9.7. The limitation and exclusions stated under these Sales Conditions shall apply for any liability of INOWA under the Contract, in tort, under any theory of strict liability or otherwise. The limitations and exclusions stated under these Sales Conditions do, however, not apply to damages or loss caused by intentional act on the part of INOWA.

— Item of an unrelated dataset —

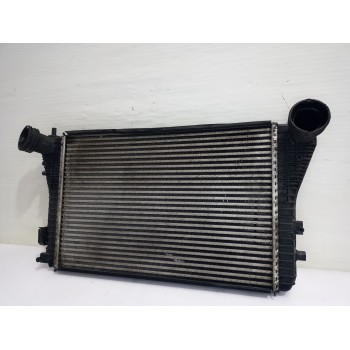 Recambio de intercooler para seat toledo (5p2) exclusive referencia OEM IAM 1K0145803S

10.1. The Customer herewith agrees to keep confidential and not to disclose to any third party any information disclosed to the Customer pursuant to the provisions of the Commercial Offer and/or the Contract and not to use it for any other purpose than installation, operation and maintenance of the Goods, except in the case that such information (i) is in the public domain or becomes part of the public domain through no fault of the Customer, or (ii) is at the time of disclosure in the possession of the Customer as shown by his written records, or (iii) is received by the Customer from a third party imposing no obligation of confidentiality to the Customer and which did not receive such information, directly or indirectly from INOWA.
10.2. The intellectual property rights on all engineering, documentation, software and know-how of INOWA shall remain with INOWA. No part of submitted documentation by INOWA to the Customer is allowed to be adapted, copied, reproduced, duplicated, translated into another language, distributed or processed (print, photocopy, microfilm or any other process), neither by the use of electronic systems nor otherwise without the prior written permission of INOWA.
10.3. Information for proprietary items of INOWA and/or INOWA’ sub-contractors/sub-suppliers protected under this Article 10 (confidential information) or by the applicable law(s) for protection of rights (e.g. patent laws) shall not be used for the purpose of manufacturing of spare parts or replacement parts by the Customer himself or by third parties engaged by the Customer for such purposes, except if purchased by the Customer (i) with INOWAS’ prior consent or (ii) from a supplier, manufacturer, dealer or licensee authorised in writing by INOWA to manufacture and/or sell such spare part/replacement part or (iii) from the genuine owner of the intellectual property relevant for the respective spare part/replacement part.
10.4. INOWA shall not be obliged to disclose proprietary information and/or confidential information of third parties (e.g. sub-suppliers or licensors).
10.5. This Article shall survive any expiration or termination of the Contract. In case of breach of this Article INOWA shall be entitled to claim damages and other remedies provided by the applicable laws.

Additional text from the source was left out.